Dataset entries
-=-=-=-=-
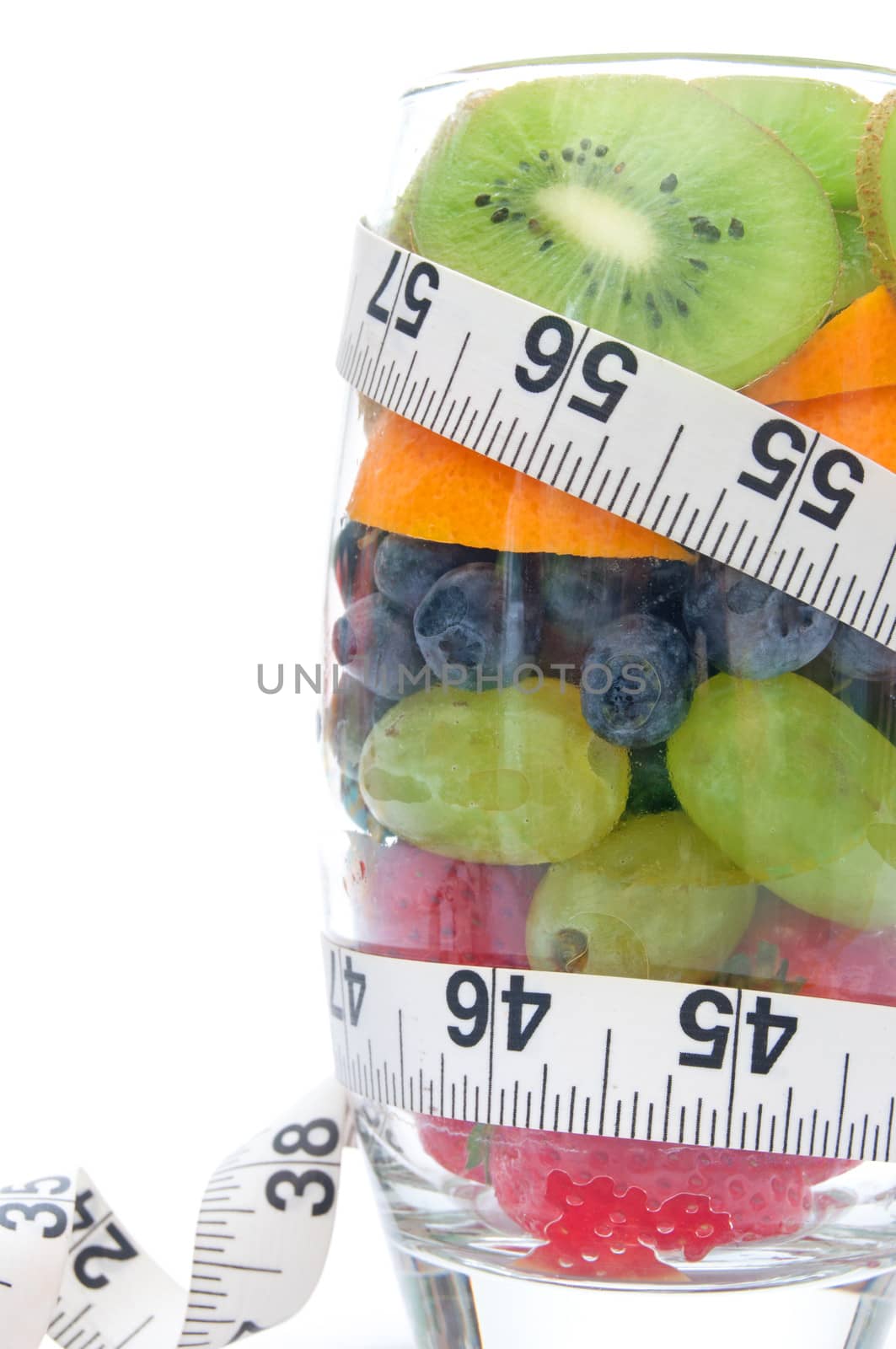 Five fruits packed into a glass including kiwi, berries and orange 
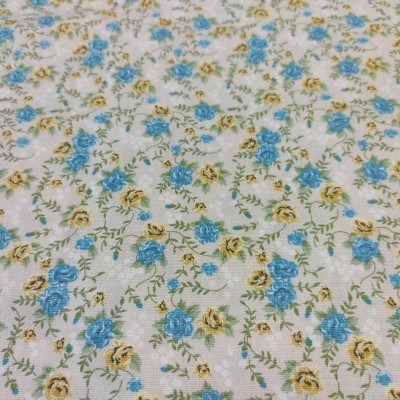 Tecido estampado com flores azuis e amarelas em fundo bege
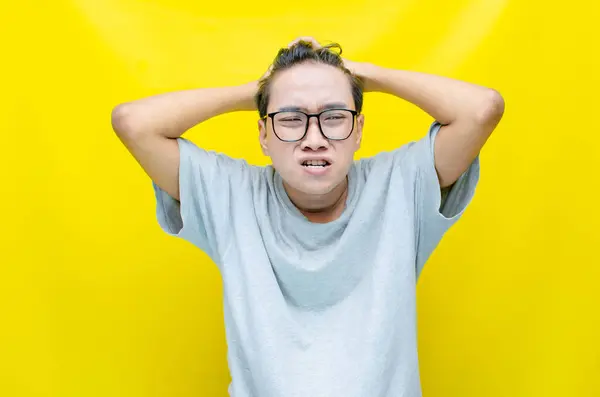 Sarı arka planda stresli Asyalı genç adam 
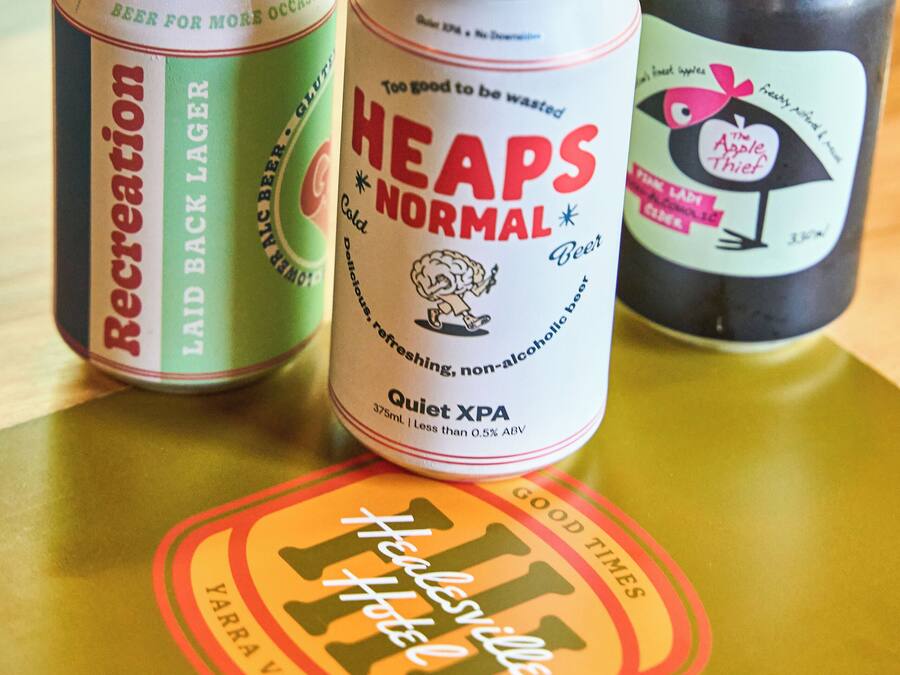 Three cans of beer on a table with a coaster.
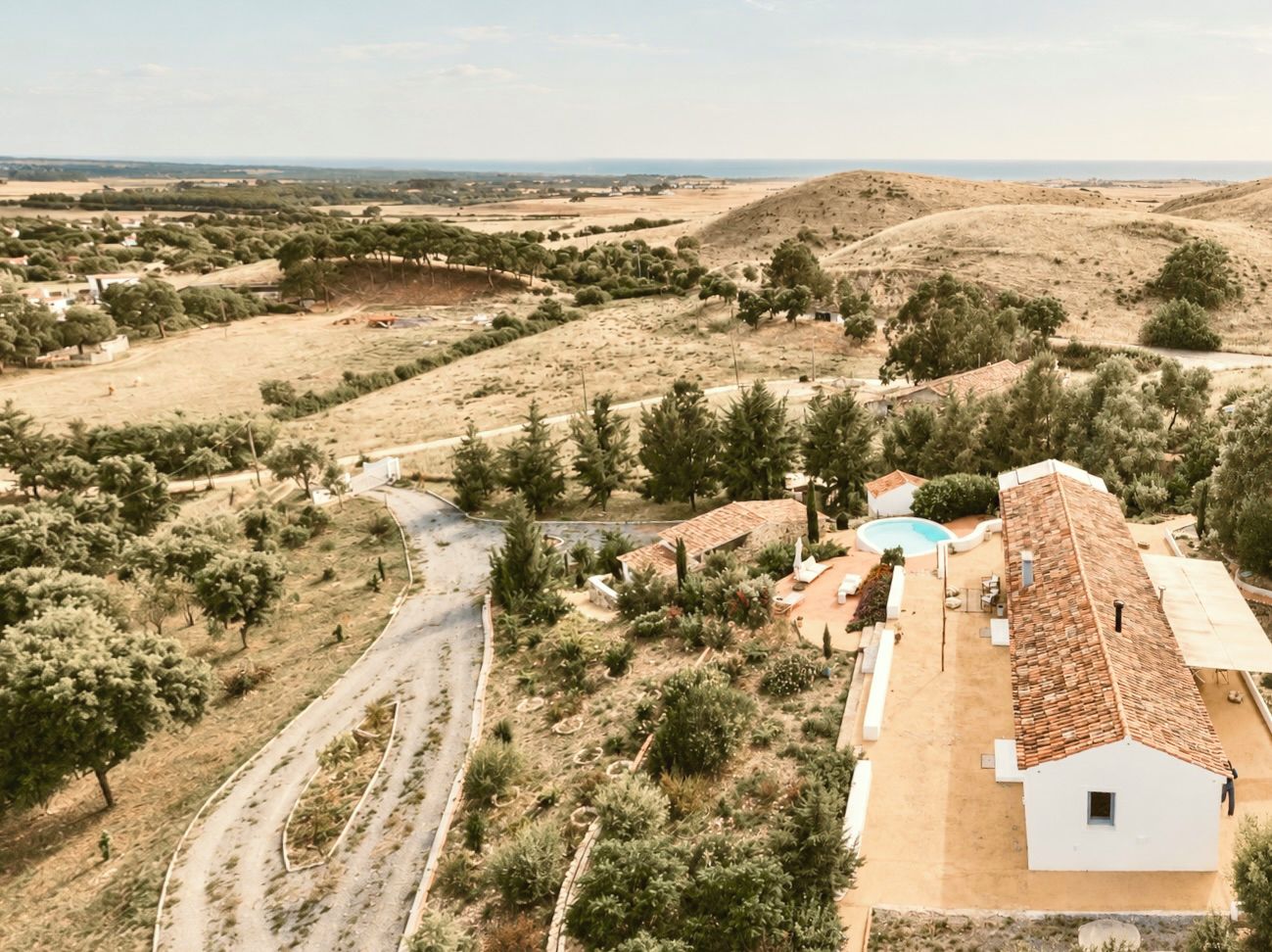 A rural landscape with a winding road, a white building with a tiled roof, and a swimming pool.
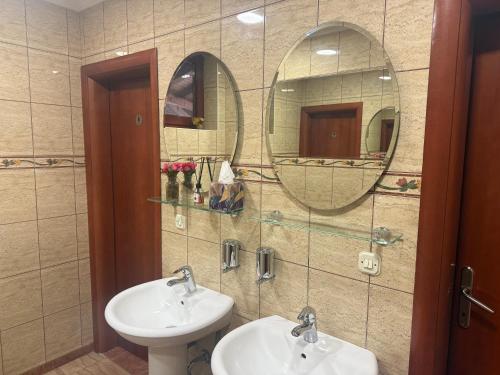a bathroom with two sinks and two mirrors at Motel Alibey in Bugojno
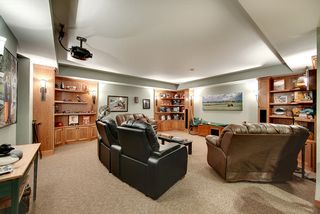 Lower level Entertainment space. In floor heat, custom cherry cabinetry.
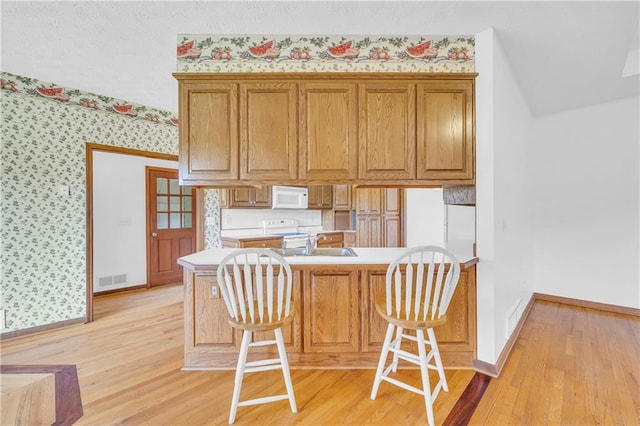 kitchen with a peninsula, light countertops, white appliances, wallpapered walls, and a kitchen breakfast bar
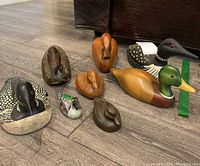 Photo capturing eight wooden bird decoys and loons arranged on floor, showing multiple angles and details including color and wear.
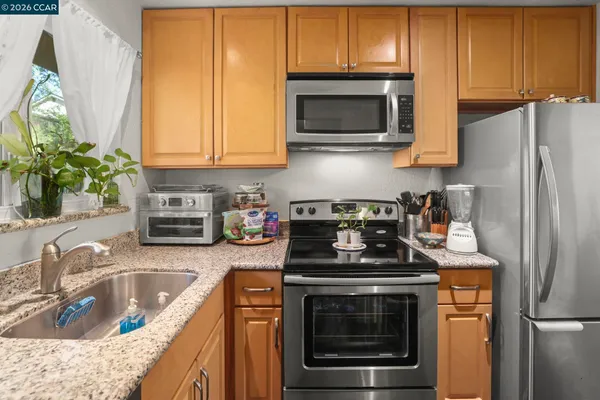 a kitchen with stainless steel appliances granite countertop a sink stove and microwave
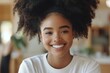 © Odin AI - A cheerful woman with a large afro hairstyle beams a radiant smile in a bright room, exuding warmth and positivity through her expressive features and relaxed demeanor.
-=-=-=-=-
### INSTRUCTIONS TO FOLLOW
Print the lines from the beginning of the records up to and including the line containing "Photo capturing eight", word for word, with no pictures.

### RESPONSE TO THIS TASK
 Five fruits packed into a glass including kiwi, berries and orange 
 Tecido estampado com flores azuis e amarelas em fundo bege
 Sarı arka planda stresli Asyalı genç adam 
 Three cans of beer on a table with a coaster.
 A rural landscape with a winding road, a white building with a tiled roof, and a swimming pool.
a bathroom with two sinks and two mirrors at Motel Alibey in Bugojno
 Lower level Entertainment space. In floor heat, custom cherry cabinetry.
 kitchen with a peninsula, light countertops, white appliances, wallpapered walls, and a kitchen breakfast bar
 Photo capturing eight wooden bird decoys and loons arranged on floor, showing multiple angles and details including color and wear.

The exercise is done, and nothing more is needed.